[lbo-talk] Petrobras invited to invest in Indian refining ventures

uvj at vsnl.com uvj at vsnl.com
Sat Apr 29 16:36:25 PDT 2006


The Hindu Business Line http://www.thehindubusinessline.com/

Friday, Apr 28, 2006

Corporate - Alliances & Joint Ventures

ONGC invites Petrobras to invest in refining ventures http://www.thehindubusinessline.com/2006/04/28/stories/2006042803040300.htm

Our Bureau

'Would also look at working together in third countries'

New Delhi , April 27

Oil and Natural Gas Corporation has offered stake in its refining ventures to Brazil's state-run oil company Petrobras.

The Chairman and Managing Director of ONGC, Mr Subir Raha, said here on Thursday that "we have plans for building a few grassroots refineries. We invite Petrobras to take equity in these projects. We feel co-operation with Petrobras will enhance our technical ability, as they have recognised excellence in ethanol technology.''

Mr Raha, however, did not comment on which projects would be offered to Petrobras for investment but only said opportunities were available for exploitation.

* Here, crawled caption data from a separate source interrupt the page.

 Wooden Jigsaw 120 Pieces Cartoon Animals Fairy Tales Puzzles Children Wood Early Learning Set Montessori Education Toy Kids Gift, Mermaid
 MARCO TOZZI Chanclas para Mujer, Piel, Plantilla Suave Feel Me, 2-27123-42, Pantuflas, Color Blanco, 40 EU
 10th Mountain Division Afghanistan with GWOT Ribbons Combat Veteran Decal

Speaking at a conference to announce the entry of ONGC Videsh Ltd (OVL), the overseas arm of ONGC, into Brazil by picking up 15 per cent stake in an oil field in that country, Mr Raha said, besides Petrobras participation in India, ONGC would also look at working together with the Brazilian company in third countries.

Hiking refining capacity

ONGC has plans to increase its refining capacity to 45.9 million tonnes (mt) a year from the current 10 mt by the fiscal ending March 2010. For this, the company is building new refineries and expanding the capacity of its Mangalore refinery. It has also proposed building a refinery in Andhra Pradesh and Rajasthan.

OVL to pay $170 m

ONGC Videsh will pay about $170 million for buying a 15 per cent stake in a Brazilian oil field from Royal Dutch/Shell. The OVL Managing Director, Mr R.S. Butola, said that his company would spend another $234 million as its share of the cost involved in bringing the field to production by the end of 2009.

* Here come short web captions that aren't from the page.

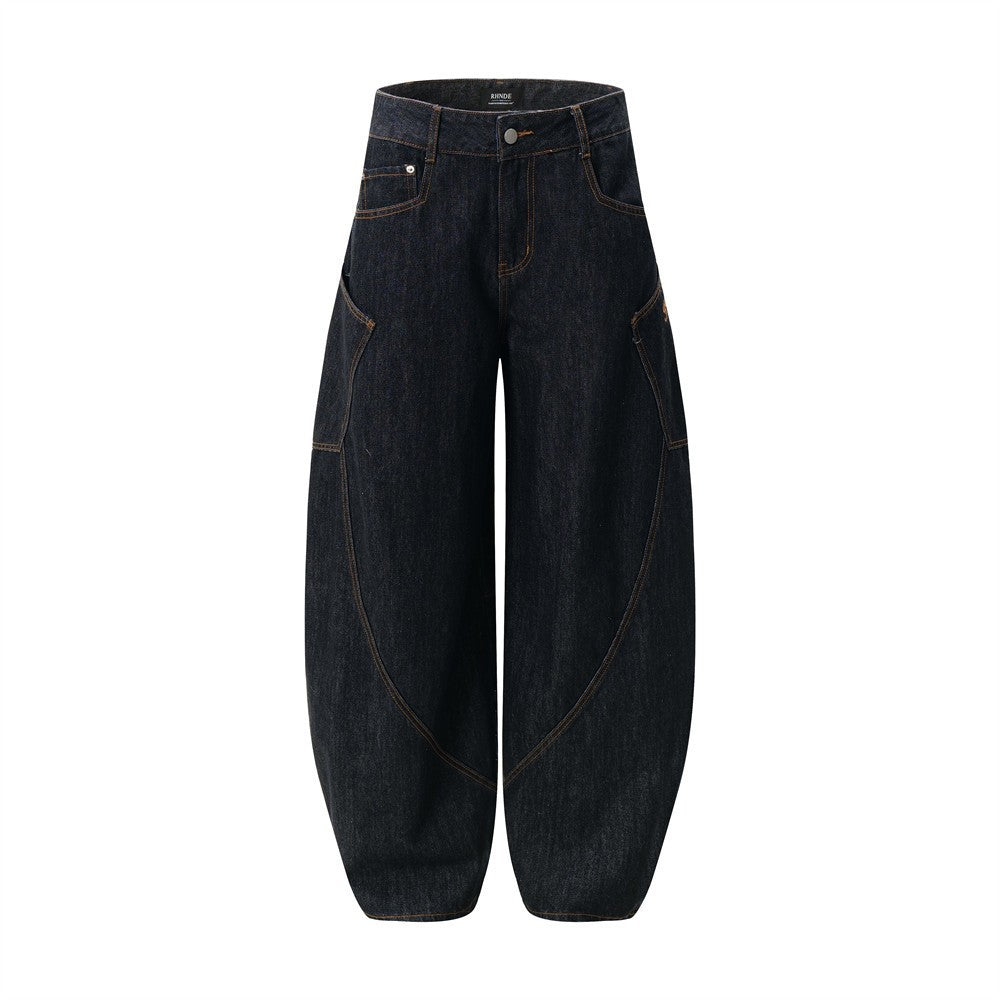 Harajuku Arc Moon Knife Denim Pants for Men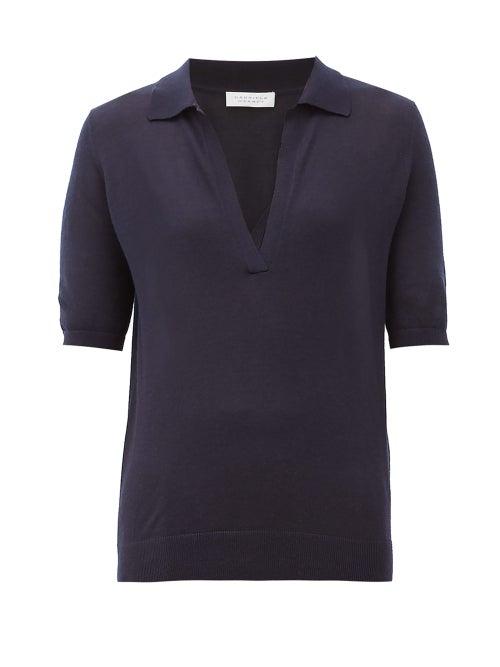 Matchesfashion.com Gabriela Hearst - Frank Cashmere-blend Polo Sweater - Womens - Navy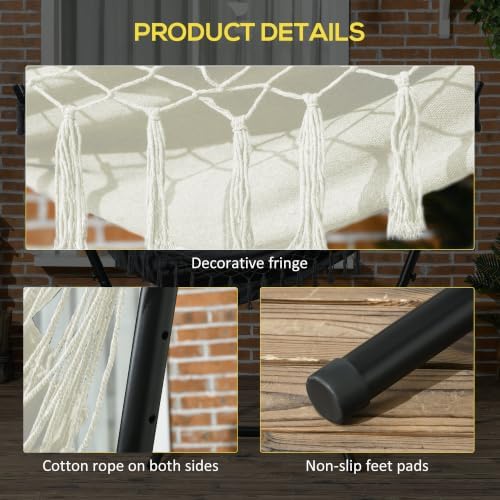 Outsunny Patio Hammock Chair with Stand Side Pocket Headrest Cream White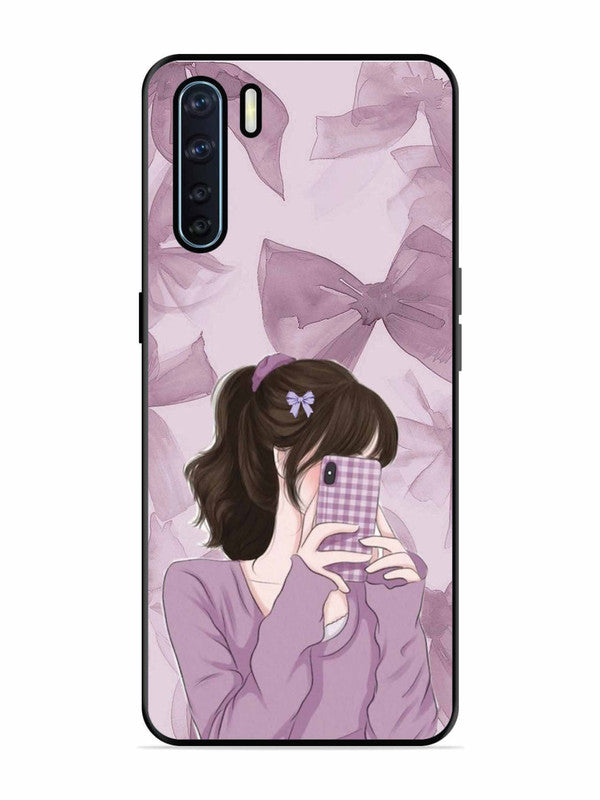Oppo F15 Pinky Girl taking selfie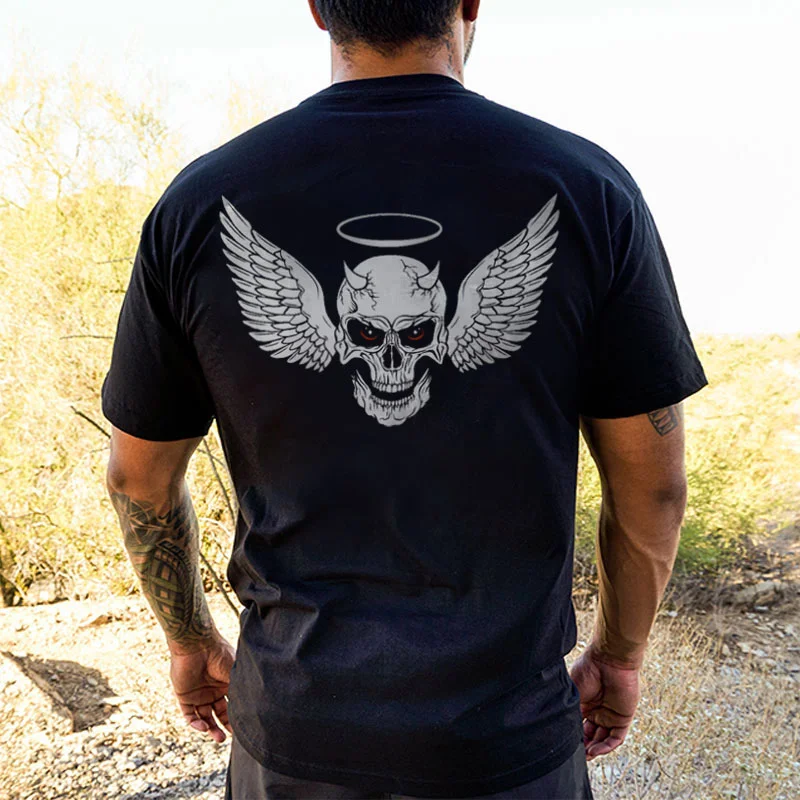 Skull with Wings Circle Graphic Casual Black Print T-shirt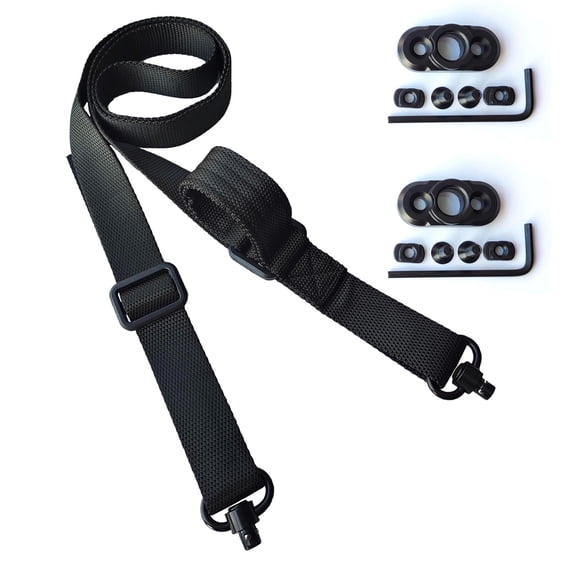 1 Pc Two Point Traditional Sling with Mounts - Adjustable Extra Long Two Point Traditional Sling with 2 Pack 1.25" QD Sling Rail Swivel Mounts for Mlock, Black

OVL had originally bought ExxonMobil's 30 per cent stake in BC-10 for $330 million. It had committed another $490 million as its share of development cost. However, Shell, as the operator of the block, had the first right of refusal on any stake sale in the venture by partners. It exercised its pre-emption right and now, OVL is buying half of that stake, he explained. OVL and Shell inked the shareholders agreement, which assigned 15 per cent stake in BC-10 to the former.

While Shell would remain the operator of the field with a 50 per cent stake, Petrobras will own the remaining 35 per cent and OVL 15 per cent. Mr Butola said the field holds 400 million barrels of oil reserves and has potential to produce 100,000 barrels per day. Stating that OVL is looking forward to future opportunities in Brazil, he said that his company is planning to bid for oil and gas blocks offered under the latest round of auctions in Brazil, which is open till November.

No case for bonus

Mr Raha said there was no case for bonus shares as the company's equity base was already very large.

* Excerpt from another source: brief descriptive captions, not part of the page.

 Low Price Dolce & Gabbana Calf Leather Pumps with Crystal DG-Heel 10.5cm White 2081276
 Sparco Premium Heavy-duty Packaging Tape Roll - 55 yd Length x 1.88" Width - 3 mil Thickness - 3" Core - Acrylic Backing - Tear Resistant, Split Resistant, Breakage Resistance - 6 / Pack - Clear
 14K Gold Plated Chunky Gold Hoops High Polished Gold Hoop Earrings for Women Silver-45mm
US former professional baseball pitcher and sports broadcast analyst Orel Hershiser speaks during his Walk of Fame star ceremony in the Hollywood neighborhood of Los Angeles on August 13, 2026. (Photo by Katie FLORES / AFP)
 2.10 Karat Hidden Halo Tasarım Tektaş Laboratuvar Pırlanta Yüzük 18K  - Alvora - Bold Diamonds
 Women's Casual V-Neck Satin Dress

"I don't think there is a case for issue of bonus shares as our equity base is already vary large and such a move would reduce earnings per share," he told newspersons at the sidelines of a conference.

Asked whether the company has received any instruction from the Finance Ministry to consider stock split and bonus issues, Mr Raha said the company had not received any instruction.